How PJM will answer the Department of Energy’s proposal to “ensure that certain reliability and resiliency attributes of electric generation resources are fully valued” was at the heart of a special Markets & Reliability Committee conference call on Oct. 19.
At the meeting, Stu Bresler, senior vice president – Operations and Markets, presented to stakeholders a high-level outline of what PJM is planning to file in its comments to the Federal Energy Regulatory Commission. Stakeholders, in turn, asked PJM to elaborate on those intended comments and the questions that the FERC distributed in advance of the comment filing deadline on Oct. 23.

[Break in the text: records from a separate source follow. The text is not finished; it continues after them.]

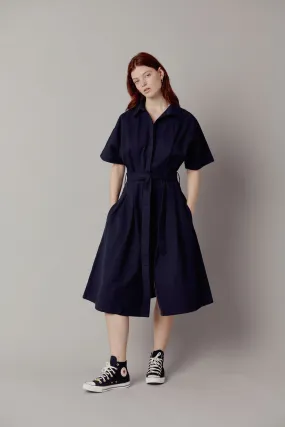 Ashes Dress Navy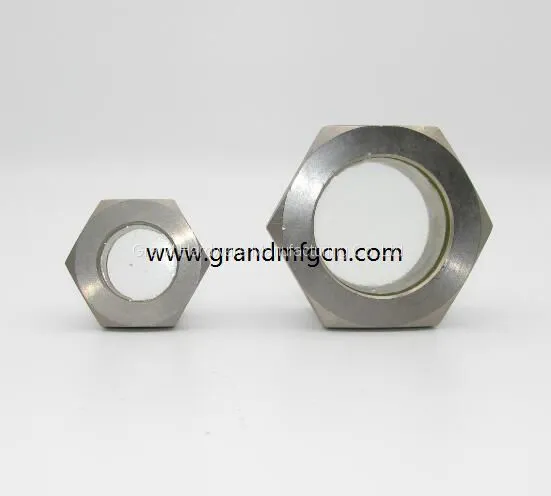 G 1/2 Carbon Steel Fused Oil Level Sight Glass Male BSP Thread Professional Manufacturer photo-5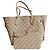Borsa Louis Vuitton Monogram stardust Neverfull MM in pelle Empreinte Beige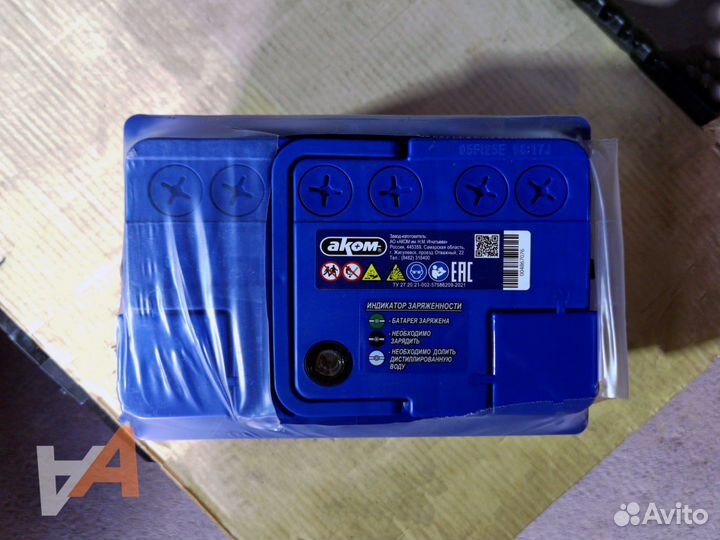 Автомобильный аккумулятор Аком 60 А/ч Efb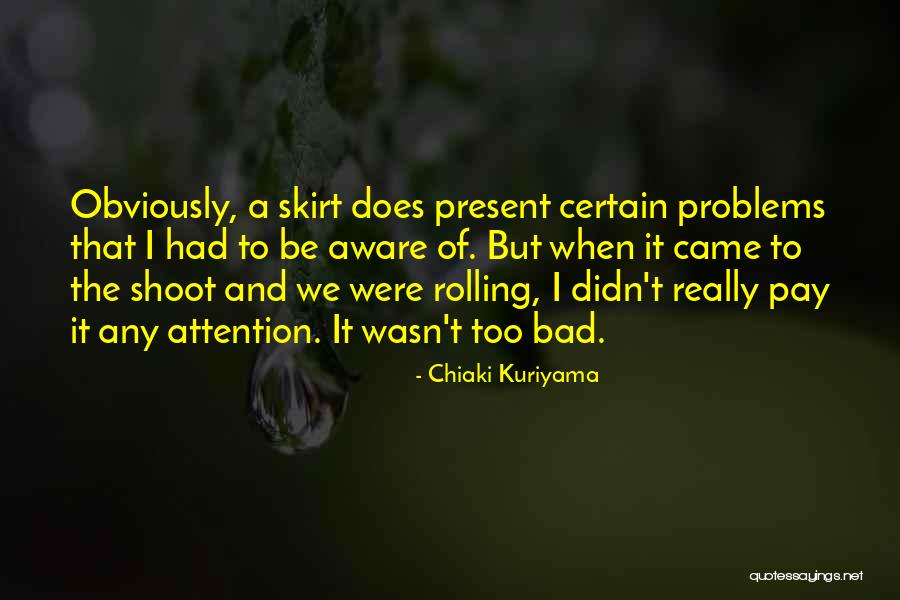 Saquen Quotes By Chiaki Kuriyama Saquen Quotes By Chiaki Kuriyama
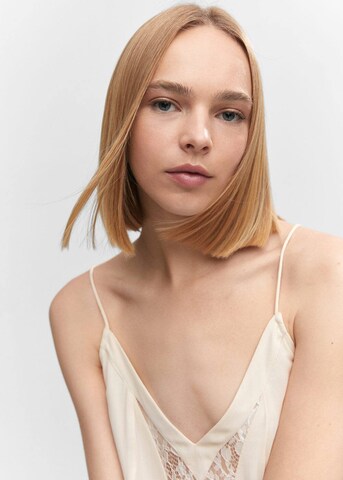MANGO Mekko 'Kate' värissä beige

The DOE said it is concerned with reliability and fuel supply in its plan, which proposes to require all ISOs/RTOs with both energy and capacity markets to change their tariffs to provide generating units that have at least 90 days of on-site fuel supply with full cost recovery plus a return on equity, if they are not already receiving such recovery through retail tariffs.
PJM does agree with the DOE’s overarching goals of reliability and resilience, said Bresler, who pointed out that PJM has been discussing resilience with stakeholders for some time, dating back to the Grid 20/20 presentation in 2016.
For PJM, it’s a question of approach. How to value the maintenance of a 90-day fuel supply isn’t the right question, said Bresler.
The DOE cited instances such the Polar Vortex as cause for action – but, natural gas fuel supply alone was not the cause of the problems during the Polar Vortex.
“We don’t believe the DOE identification of what the problem is, is correct,” said Bresler. He pointed out that while PJM did experience over 40,000 megawatts of generator outages during the Polar Vortex, 75 percent of the outages were mechanical or operational, not natural gas fuel supply restrictions. “Just maintaining a 90-day fuel supply would not have alleviated that.”
Noting that the DOE also mentioned natural disasters, Bresler said, “The point we will make there is, you take an event like [Superstorm] Sandy. That primarily affected the delivery system. In Houston (during Hurricane Harvey), the supply of coal got extremely wet, while natural gas went intact. It’s not an issue of long-term supplies of fuel.”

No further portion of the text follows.